Firebird by Mark Doty

THE TIMES                            20 December 2000

FIREBIRD
by MARK DOTY
(Cape £12.99)

Memoirists, like policemen, are growing younger. The Christmas bookshelves groan under the weight of the ‘personal stories’, usually ghosted, of pop, soap and sports stars in their early twenties, who use hard covers to give a spurious respectability to material more suited to an interview or chat show. It is, therefore, a particular pleasure to read this memoir by Mark Doty who, while still comparatively young, claims the attention by the power of his perceptions rather than the scale of his celebrity.

Doty is a prize-winning poet whose previous memoir. Heaven’s Gate, is, arguably, the finest piece of writing on the AIDS crisis to have emerged from America.  Here, he turns, his attention to his childhood and adolescence in the fifties and sixties.  He was born in East Tennessee and, although his father’s work for the Army Corps of Engineers took the family across the States, his early life was pure Southern Gothic.  Aficionados of the genre will find many characters to treasure: a maternal grandmother who kept a club by the bed to batter snakes; a paternal grandfather who left a pile of excrement in his seat for his loathed daughter-in-law;   a single mother known euphemistically as ‘Neighbour Lady”.

The heart of the book lies in Doty’s depiction of his bizarre family and emergent sexuality.

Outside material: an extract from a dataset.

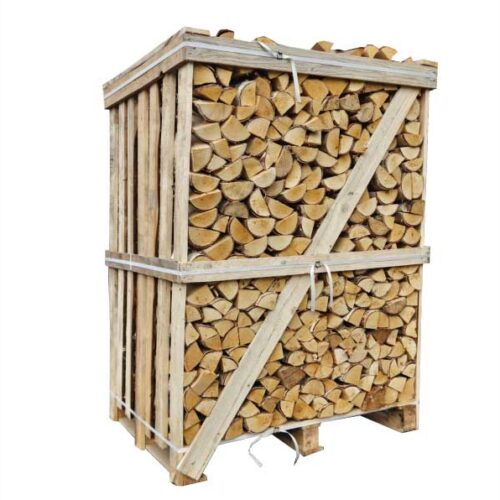 Extra Large crate of kiln dried birch logs for sale near me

Both subjects, together with the intensity of Doty’s prose, suggest an affinity with Tennessee Williams – although the Dotys make Williams’s Wingfields seem positively conventional. His father is a bullying racist who refers to ‘Martin Luther Coon’. His mother is an emotionally fragile alcoholic. His sister escapes to Memphis, where she has a fetishistic affair with a mortician, works as a snake woman in a carnival and is jailed for stealing from a drug store.

Meanwhile, Doty himself makes the classic progression from someone who, according to his teachers, ‘relates so well to girls’, to someone who, in the view of his mother who catches him doing a Judy Garland impression, identifies too closely with them. The most chilling moment in the book comes when she pulls a gun on him, only to be thwarted by the safety catch.

Firebird is a immensely powerful book. Doty’s prose is as memorable as his story: nearly every page contains a noteworthy phrase. What it lacks is a guiding principle. The opening image of a Dutch perspective box in which distortion provides a means to view the truth suggests that the fallibility of memory will be a dominant theme, but this fails to emerge. Instead, Firebird is a beautiful collection of vignettes which constitute both a testament to and an example of the art that has enabled Doty to survive.